> [TASK REQUIREMENTS] Write out word for word each line from the top of the material through the line that has "Saint-Tropez charming character". Pictures do not go in.
+ + + + +
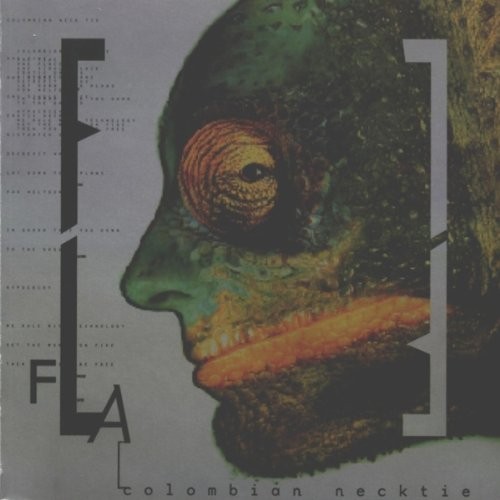 Front Line Assembly, Colombian Necktie, audioCD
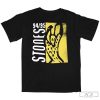 1994 The Rolling Stones 94 95 Voodoo Lounge Band Tour T-Shirt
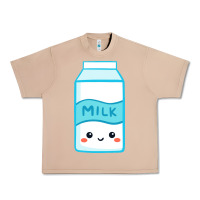 Burro milk Urban Heavy Tee - DesigneFamous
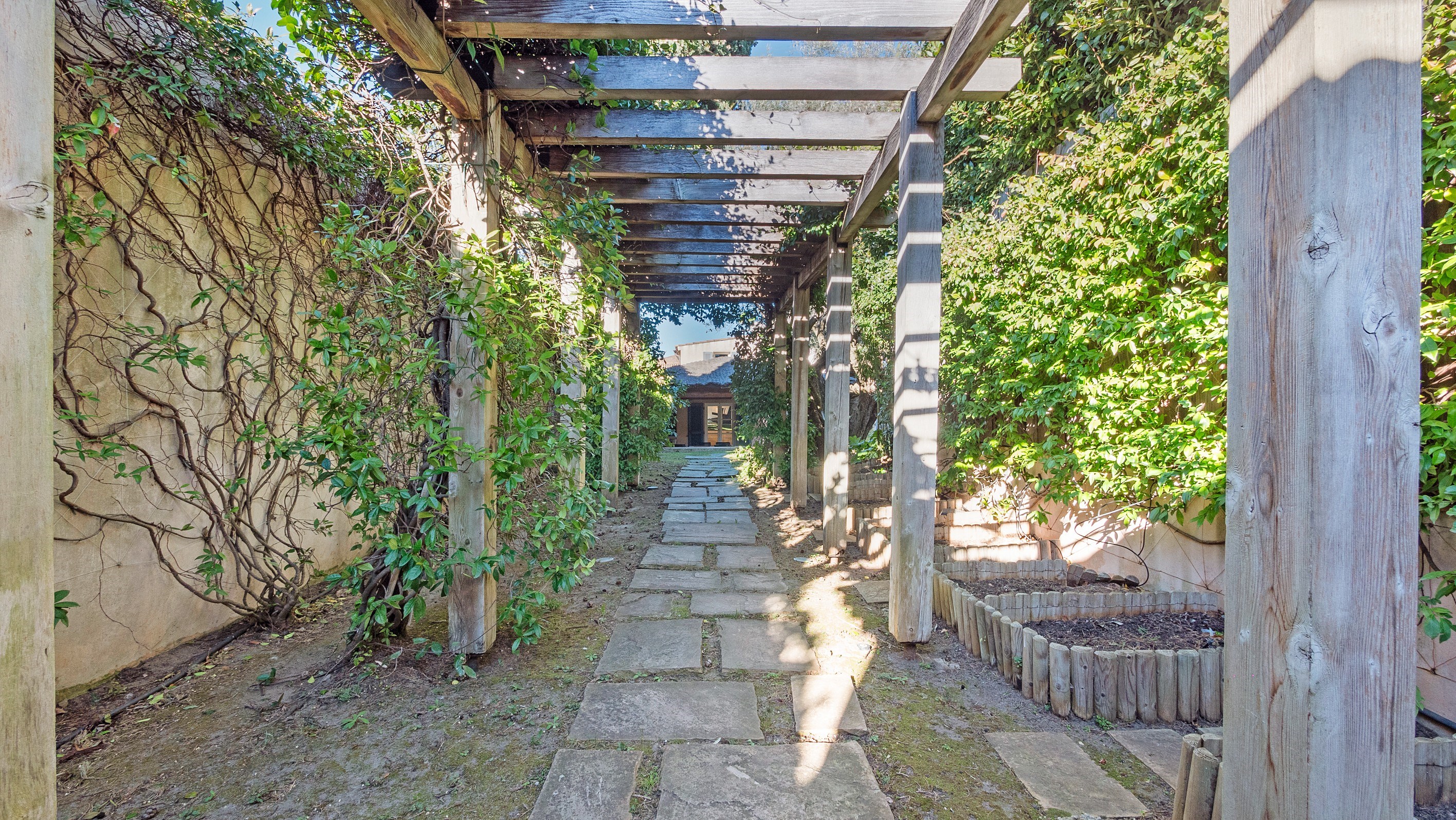  Saint-Tropez charming character property with pool steps from Place des Lices - 物件實景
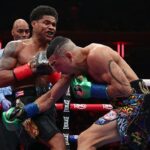 Shakur Stevenson prešiel v sobotu večer v New Yorku okolo pomalého Teofima Lopeza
+ + + + +
> [EXERCISE ANSWER]
 Front Line Assembly, Colombian Necktie, audioCD
 1994 The Rolling Stones 94 95 Voodoo Lounge Band Tour T-Shirt
 Burro milk Urban Heavy Tee - DesigneFamous
  Saint-Tropez charming character property with pool steps from Place des Lices - 物件實景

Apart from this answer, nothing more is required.